Journalism.co.uk
Court reporting is under siege from social media chaos, expanding restrictions, and new technological strides, finds the Journalism and the Courts Symposium
The University of Salford convened a Journalism and the Courts Symposium last week and it revealed a profession under pressure, with court reporting facing unprecedented challenges from social media disruption, lesser-known reporting restrictions, and technological change.
One aspect is unchanged however, court reporting remains vital to both democracy and justice. Journalism.co.uk sums up what your newsroom needs to know.
Laptops are the new courtroom
Veteran court reporter Sian Harrison is perhaps best known to journalism students as the co-author of McNae’s Essential Law for Journalists, the bible for media law training.
She noted that changes in the legal system are historically slow, like “trying to turn a tank”. However, technological shifts in court reporting and the open justice system in recent years have forced change. The pandemic was a revolutionary time for the courts with the introduction of remote hearings.
More technological change is impending with the emergence of generative AI, potentially helping to produce court reports for resource-sparse newsrooms. However, the need for humans in court reporting can never truly go away. Journalists can make the difference when reporting on people “at their worst moments” or overturning inappropriate reporting restrictions.
Key case: Babita Rai, 24, was accused of killing her infant daughter behind a tree in a park in Aldershot, Hampshire, in May 2017. PA successfully fought off an appeal to ban reporting on her address (initially spotted by then-PA law reporter Sam Tobin), which would have set a “dangerous precedent” for open justice and the media.
So what? Newsrooms must continue developing, and supporting, a pipeline of court reporters in a specialism that has considerable risks to mental health and isolation, as hybrid remote and in-person hearings become more commonplace.

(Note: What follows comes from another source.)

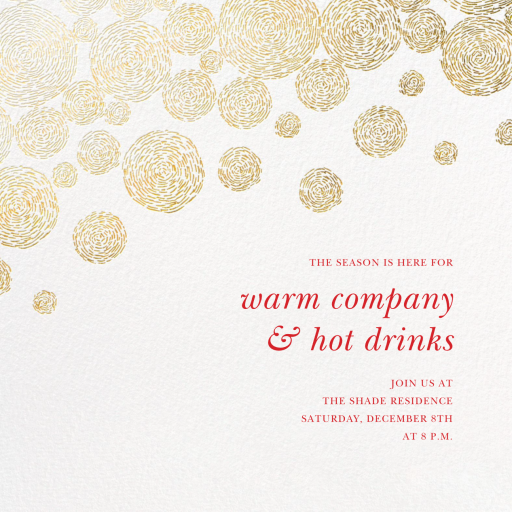 Radiant Swirls (Square) - Holiday Party Invitation by Oscar de la Renta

Judge, jury and TV audiences
Cameras crept also into crown courts in 2022 with a promise from then-Justice Secretary Dominic Raab that filming judge remarks during the final stage of criminal prosecutions would “improve transparency” and help the public “understand better the complex decisions judges make.” Three years on, Sally Reardon from the University of the West of England has been tracking whether that promise holds up. The numbers tell a mixed story.

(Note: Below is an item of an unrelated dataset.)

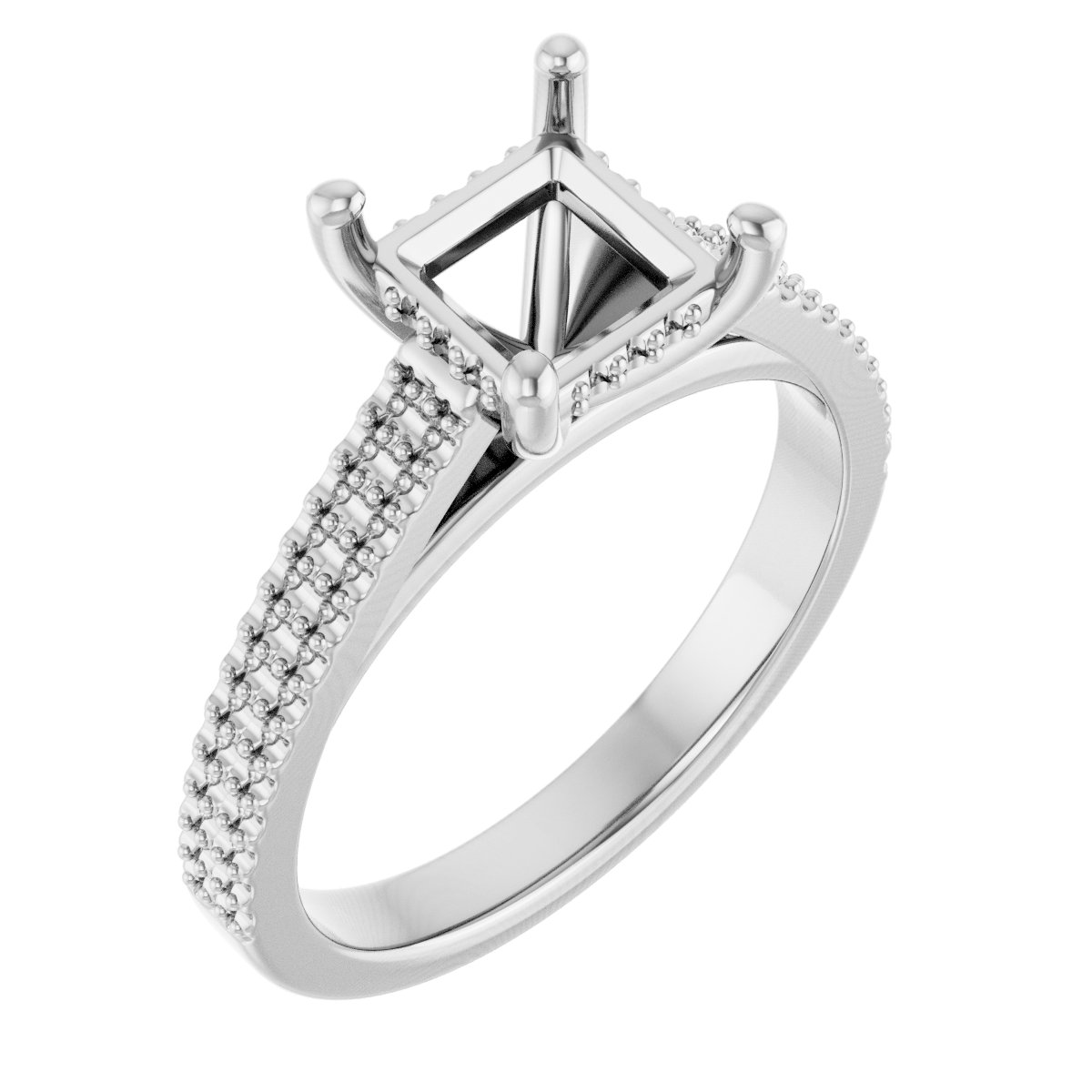 Hidden Halo-Style Engagement Ring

Key research: In the first year, 33 cases were filmed from 36 requests. The BBC has used just 3.5 minutes of footage total in that year. By year three, that had risen to 43 cases – still a tiny fraction of Crown Court proceedings – and following predictable news values: 95 per cent involve someone dying or being murdered, on the extremes of being very young or old. Sexual offenses only get filmed when authority figures are involved, and there’s a heavy skew toward “stranger danger” cases that don’t reflect real-world crime patterns.
That was until the high-profile case of convicted baby killer nurse Lucy Letby, who was sentenced last year but her case is subject to review. The final remarks of British Judge, James Goss, reverberated across the nation and made for excellent soundbites and headlines.